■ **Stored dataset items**
───
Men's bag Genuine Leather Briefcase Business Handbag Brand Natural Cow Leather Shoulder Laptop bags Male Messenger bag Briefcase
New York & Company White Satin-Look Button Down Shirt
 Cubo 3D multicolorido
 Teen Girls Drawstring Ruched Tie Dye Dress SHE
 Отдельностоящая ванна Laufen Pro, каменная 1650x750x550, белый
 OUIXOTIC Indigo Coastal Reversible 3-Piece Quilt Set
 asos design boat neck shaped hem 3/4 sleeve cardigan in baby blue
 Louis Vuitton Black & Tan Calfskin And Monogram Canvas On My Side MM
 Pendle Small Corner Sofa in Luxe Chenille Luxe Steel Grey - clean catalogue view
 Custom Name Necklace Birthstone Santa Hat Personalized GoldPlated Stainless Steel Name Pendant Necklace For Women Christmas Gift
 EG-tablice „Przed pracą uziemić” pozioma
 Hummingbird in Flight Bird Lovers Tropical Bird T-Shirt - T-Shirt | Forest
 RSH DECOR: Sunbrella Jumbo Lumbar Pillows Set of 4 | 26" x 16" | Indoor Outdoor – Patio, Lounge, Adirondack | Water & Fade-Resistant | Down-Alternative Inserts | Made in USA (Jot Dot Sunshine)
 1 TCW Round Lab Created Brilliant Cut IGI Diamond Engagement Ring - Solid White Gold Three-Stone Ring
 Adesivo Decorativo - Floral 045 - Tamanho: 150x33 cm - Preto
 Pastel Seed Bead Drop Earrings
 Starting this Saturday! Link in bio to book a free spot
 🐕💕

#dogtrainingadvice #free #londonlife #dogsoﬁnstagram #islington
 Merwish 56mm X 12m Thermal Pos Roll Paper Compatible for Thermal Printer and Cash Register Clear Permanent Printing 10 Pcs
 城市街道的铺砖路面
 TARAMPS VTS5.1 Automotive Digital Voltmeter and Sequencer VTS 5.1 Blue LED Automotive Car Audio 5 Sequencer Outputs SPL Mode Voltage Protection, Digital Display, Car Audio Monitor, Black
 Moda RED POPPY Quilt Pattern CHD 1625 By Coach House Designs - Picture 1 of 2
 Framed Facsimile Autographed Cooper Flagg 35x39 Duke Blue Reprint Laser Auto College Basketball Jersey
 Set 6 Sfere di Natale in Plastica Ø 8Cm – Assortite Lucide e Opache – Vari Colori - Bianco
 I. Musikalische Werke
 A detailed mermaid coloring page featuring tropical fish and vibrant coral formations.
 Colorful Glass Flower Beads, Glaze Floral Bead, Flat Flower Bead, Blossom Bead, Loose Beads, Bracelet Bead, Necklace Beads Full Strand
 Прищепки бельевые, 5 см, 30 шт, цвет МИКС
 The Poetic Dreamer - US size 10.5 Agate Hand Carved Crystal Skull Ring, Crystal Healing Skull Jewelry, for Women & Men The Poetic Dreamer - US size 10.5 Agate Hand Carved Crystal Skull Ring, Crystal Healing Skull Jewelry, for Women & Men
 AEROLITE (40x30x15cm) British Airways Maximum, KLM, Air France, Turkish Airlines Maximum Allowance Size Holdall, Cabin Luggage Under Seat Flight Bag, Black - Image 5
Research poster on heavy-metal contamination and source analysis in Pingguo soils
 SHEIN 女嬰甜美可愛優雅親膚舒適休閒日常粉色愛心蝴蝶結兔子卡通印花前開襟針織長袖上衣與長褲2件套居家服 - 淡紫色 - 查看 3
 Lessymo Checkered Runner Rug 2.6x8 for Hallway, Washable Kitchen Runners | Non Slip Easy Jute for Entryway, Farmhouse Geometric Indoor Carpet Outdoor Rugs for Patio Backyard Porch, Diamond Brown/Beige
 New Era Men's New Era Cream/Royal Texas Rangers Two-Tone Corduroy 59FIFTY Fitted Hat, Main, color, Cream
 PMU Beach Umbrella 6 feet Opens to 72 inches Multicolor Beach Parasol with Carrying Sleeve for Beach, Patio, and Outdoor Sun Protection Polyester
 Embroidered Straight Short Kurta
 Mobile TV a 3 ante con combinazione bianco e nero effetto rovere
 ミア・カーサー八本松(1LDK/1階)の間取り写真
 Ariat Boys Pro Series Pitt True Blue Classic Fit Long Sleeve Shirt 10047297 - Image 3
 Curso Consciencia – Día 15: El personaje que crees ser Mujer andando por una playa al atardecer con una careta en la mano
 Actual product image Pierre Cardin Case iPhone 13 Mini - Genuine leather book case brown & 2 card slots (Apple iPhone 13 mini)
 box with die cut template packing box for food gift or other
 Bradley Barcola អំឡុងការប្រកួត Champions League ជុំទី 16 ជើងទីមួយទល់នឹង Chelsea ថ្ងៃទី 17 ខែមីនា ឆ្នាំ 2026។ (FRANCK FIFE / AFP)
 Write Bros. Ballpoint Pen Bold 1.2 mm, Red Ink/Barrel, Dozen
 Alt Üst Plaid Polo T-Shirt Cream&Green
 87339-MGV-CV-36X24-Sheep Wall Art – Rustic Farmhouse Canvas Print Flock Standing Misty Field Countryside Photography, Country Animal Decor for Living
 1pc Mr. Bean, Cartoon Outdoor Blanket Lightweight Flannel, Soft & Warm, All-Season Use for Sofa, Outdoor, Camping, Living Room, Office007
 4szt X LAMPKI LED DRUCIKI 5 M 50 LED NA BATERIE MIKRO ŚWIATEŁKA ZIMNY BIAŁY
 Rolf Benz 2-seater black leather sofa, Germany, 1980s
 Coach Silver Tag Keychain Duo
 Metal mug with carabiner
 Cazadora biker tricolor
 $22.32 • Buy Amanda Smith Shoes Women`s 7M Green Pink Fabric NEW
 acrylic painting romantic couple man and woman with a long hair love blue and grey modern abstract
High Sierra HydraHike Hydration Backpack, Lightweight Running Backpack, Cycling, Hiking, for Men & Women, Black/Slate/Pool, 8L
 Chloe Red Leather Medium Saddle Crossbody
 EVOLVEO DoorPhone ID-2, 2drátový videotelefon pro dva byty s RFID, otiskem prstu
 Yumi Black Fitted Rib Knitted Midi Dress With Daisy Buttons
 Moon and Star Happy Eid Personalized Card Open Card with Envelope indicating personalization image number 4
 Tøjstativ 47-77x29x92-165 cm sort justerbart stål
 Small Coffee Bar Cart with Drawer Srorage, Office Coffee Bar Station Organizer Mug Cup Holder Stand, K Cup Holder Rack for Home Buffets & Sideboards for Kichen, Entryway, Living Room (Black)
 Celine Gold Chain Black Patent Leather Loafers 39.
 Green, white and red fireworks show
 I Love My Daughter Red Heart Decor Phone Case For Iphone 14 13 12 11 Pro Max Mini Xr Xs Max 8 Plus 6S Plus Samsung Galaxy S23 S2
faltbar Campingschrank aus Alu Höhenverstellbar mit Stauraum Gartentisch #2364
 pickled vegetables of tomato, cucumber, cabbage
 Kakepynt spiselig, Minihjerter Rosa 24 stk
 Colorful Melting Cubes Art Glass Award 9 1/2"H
───
■ **What this task involves**
Return, with no change at all, every line in the entries above from the line containing "acrylic painting romantic" through the line containing "EVOLVEO DoorPhone ID-2, 2drátový".

■ **Response for this exercise**
 acrylic painting romantic couple man and woman with a long hair love blue and grey modern abstract
High Sierra HydraHike Hydration Backpack, Lightweight Running Backpack, Cycling, Hiking, for Men & Women, Black/Slate/Pool, 8L
 Chloe Red Leather Medium Saddle Crossbody
 EVOLVEO DoorPhone ID-2, 2drátový videotelefon pro dva byty s RFID, otiskem prstu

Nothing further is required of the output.